How to use pretrained object detection model in computer vision

Computer-visionHow-ToBeginner · 4 min read

How to Use Pretrained Object Detection Models in Computer Vision

To use a pretrained object detection model, load the model with pretrained weights, prepare your input image, and run the model to get detected objects with bounding boxes and labels.

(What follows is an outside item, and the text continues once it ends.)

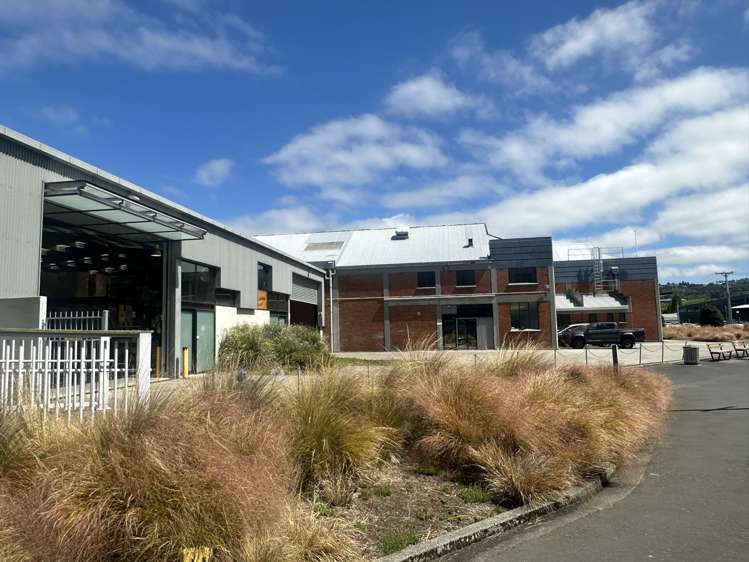 56 Parry Street City Centre Dunedin_8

Libraries like PyTorch provide easy access to pretrained models such as Faster R-CNN that you can use directly for inference.

📐

Syntax

Using a pretrained object detection model typically involves these steps:

Load the model: Import and load a pretrained model with weights.
Prepare input: Transform your image into the format the model expects.
Run inference: Pass the image through the model to get predictions.
Process output: Extract bounding boxes, labels, and scores from the model output.

python

import torch
from torchvision.models.detection import fasterrcnn_resnet50_fpn
from torchvision.transforms import functional as F
from PIL import Image

# Load pretrained Faster R-CNN model
model = fasterrcnn_resnet50_fpn(pretrained=True)
model.eval()  # Set to evaluation mode

# Load and prepare image
image = Image.open('path_to_image.jpg').convert('RGB')
image_tensor = F.to_tensor(image)

# Run inference
with torch.no_grad():
    predictions = model([image_tensor])

# Extract predictions
boxes = predictions[0]['boxes']
labels = predictions[0]['labels']
scores = predictions[0]['scores']

💻

Example

This example shows how to load a pretrained Faster R-CNN model, run it on an image, and print detected objects with their confidence scores.

python

import torch
from torchvision.models.detection import fasterrcnn_resnet50_fpn
from torchvision.transforms import functional as F
from PIL import Image

# Load pretrained model
model = fasterrcnn_resnet50_fpn(pretrained=True)
model.eval()

# Load image
image = Image.open('test_image.jpg').convert('RGB')
image_tensor = F.to_tensor(image)

# Run inference
with torch.no_grad():
    outputs = model([image_tensor])

# Print detected objects with scores above 0.8
labels_map = {1: 'person', 2: 'bicycle', 3: 'car', 4: 'motorcycle', 5: 'airplane', 6: 'bus', 7: 'train', 8: 'truck', 9: 'boat', 10: 'traffic light'}

for box, label, score in zip(outputs[0]['boxes'], outputs[0]['labels'], outputs[0]['scores']):
    if score > 0.8:
        print(f"Detected {labels_map.get(label.item(), 'unknown')} with confidence {score:.2f} at {box.tolist()}")

Output

Detected person with confidence 0.95 at [34.0, 50.0, 200.0, 400.0] Detected car with confidence 0.87 at [220.0, 80.0, 400.0, 300.0]

⚠️

Common Pitfalls

Not setting the model to evaluation mode: Always call model.eval() before inference to disable training behaviors like dropout.
Incorrect image preprocessing: The model expects images as tensors normalized and in the right shape; skipping this causes errors or bad results.
Ignoring device placement: For faster inference, move model and tensors to GPU if available using to('cuda').
Misinterpreting output: The model returns raw tensors; you must extract boxes, labels, and scores properly.

python

import torch
from torchvision.models.detection import fasterrcnn_resnet50_fpn
from torchvision.transforms import functional as F
from PIL import Image

# Wrong: Not setting eval mode
model = fasterrcnn_resnet50_fpn(pretrained=True)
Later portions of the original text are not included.